■ Exercise details ■
Whatever precedes the line containing "Roberto Cavalli Black" is not copied; that line and every line after it through the final one below are copied exactly, except pictures.

■ Available data ■

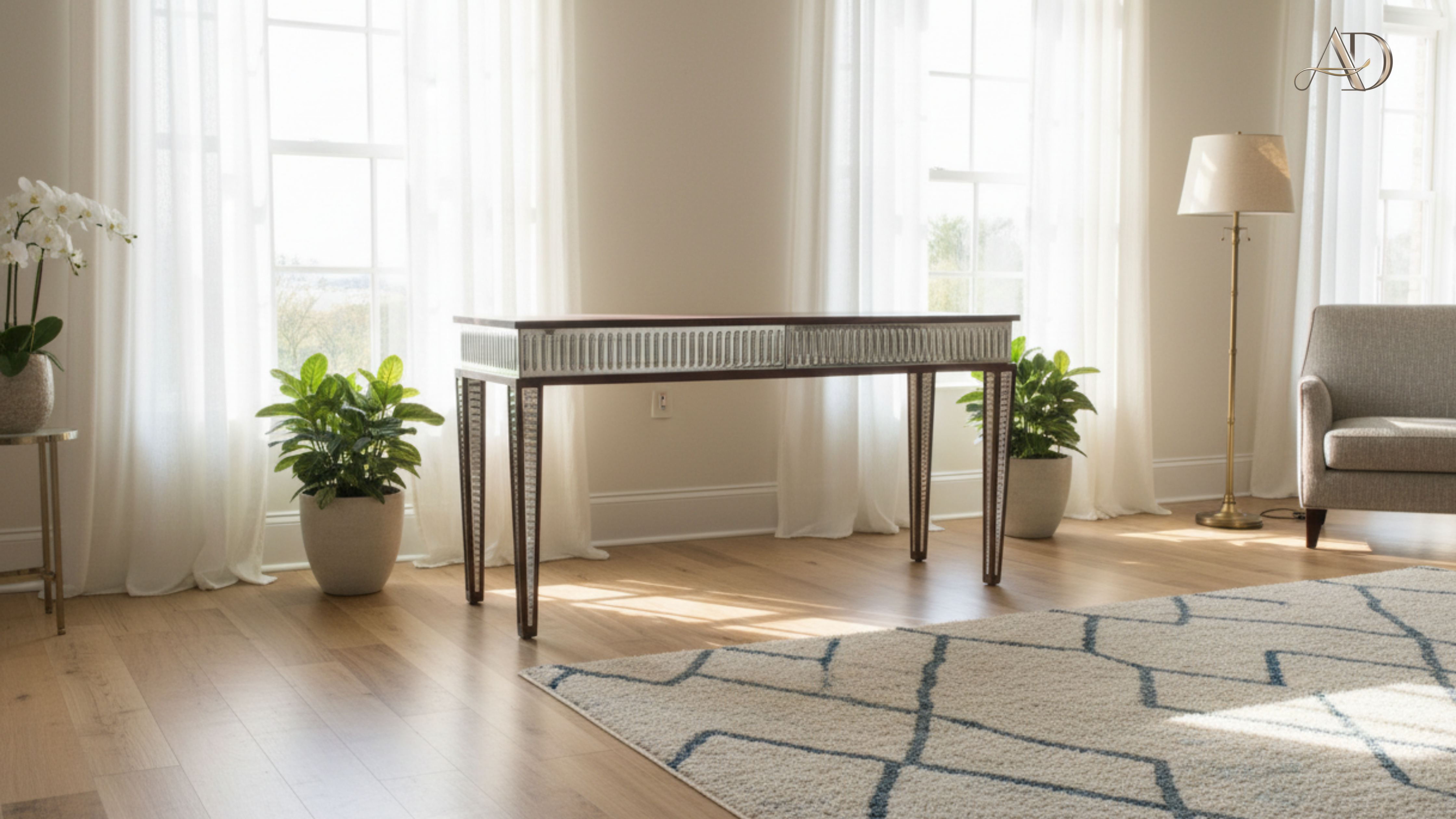 Aarunya Heritage Glass Console Table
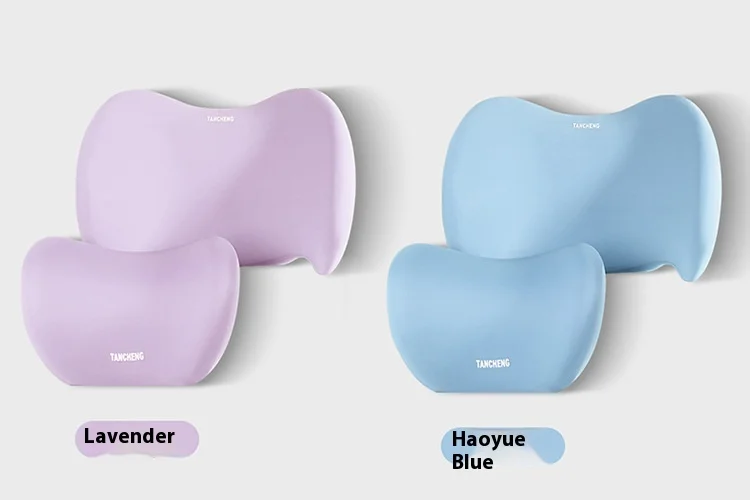 Car Headrest Neck Pillow Summer Driving Airline Grade Neck Cushion Leather Material for Car and Aviations Seat manufacture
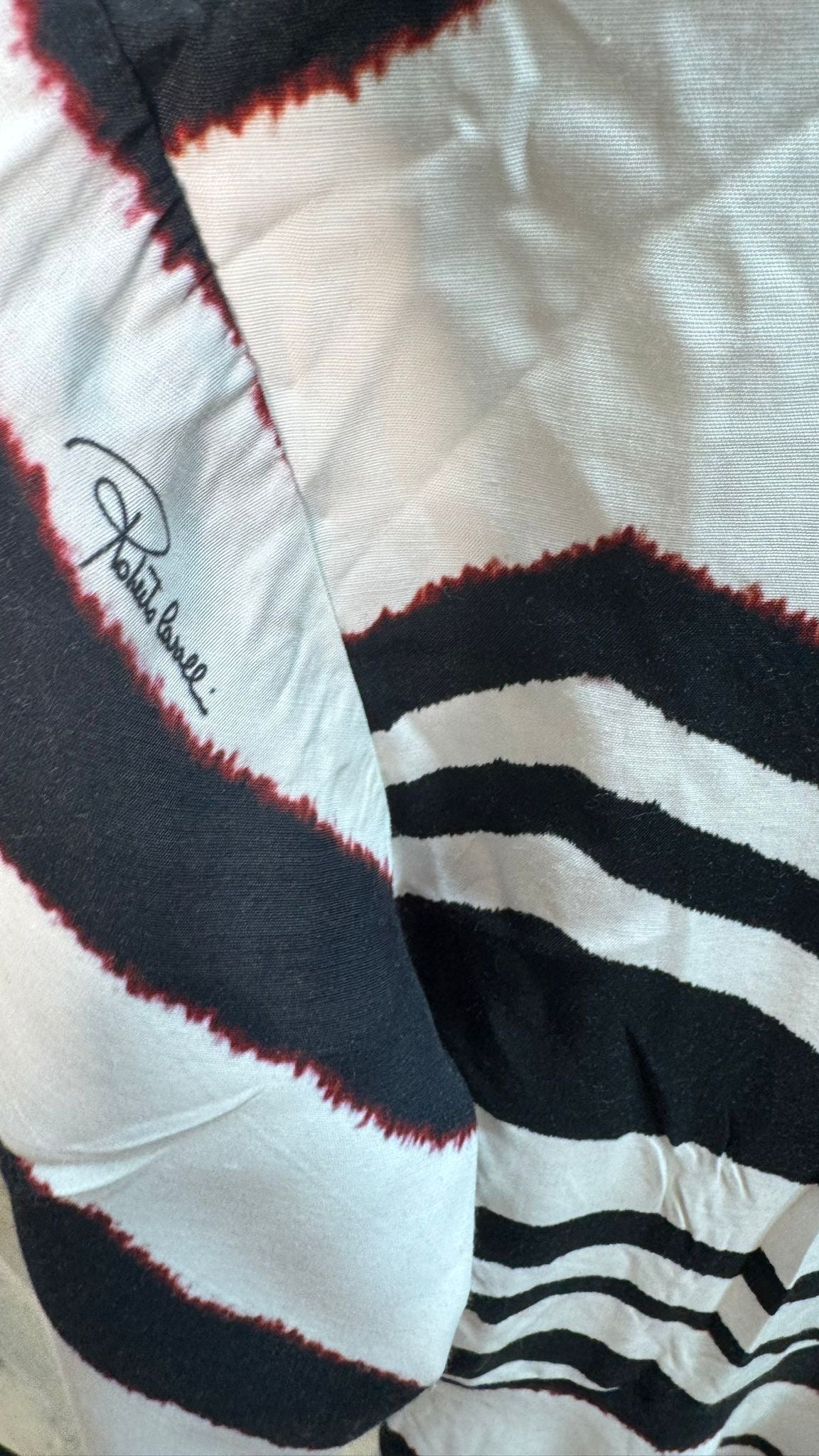 Roberto Cavalli Black And White Stripe Dress – M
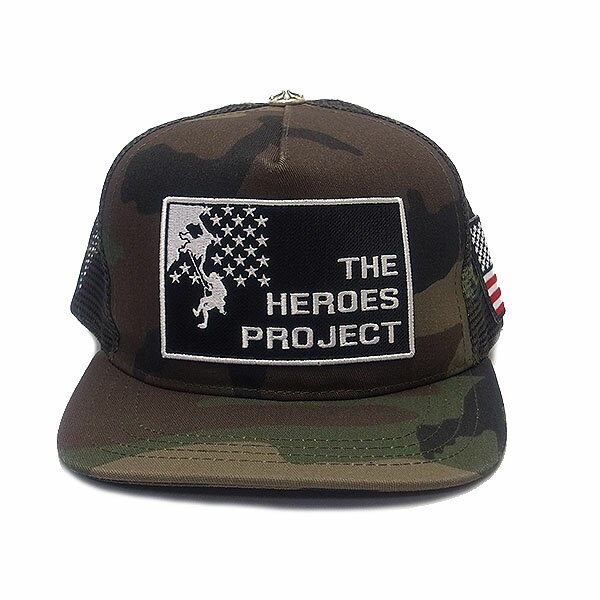 新品 即納 レア商品 クロムハーツ 帽子 CHROME HEARTS トラッカーキャップ ヒーローズ HEROES 迷彩柄 カモフラ あす楽 エクセル ギフト プレゼントにも ブランド キャップ 特別価格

■ Output of the exercise ■
 Roberto Cavalli Black And White Stripe Dress – M
 新品 即納 レア商品 クロムハーツ 帽子 CHROME HEARTS トラッカーキャップ ヒーローズ HEROES 迷彩柄 カモフラ あす楽 エクセル ギフト プレゼントにも ブランド キャップ 特別価格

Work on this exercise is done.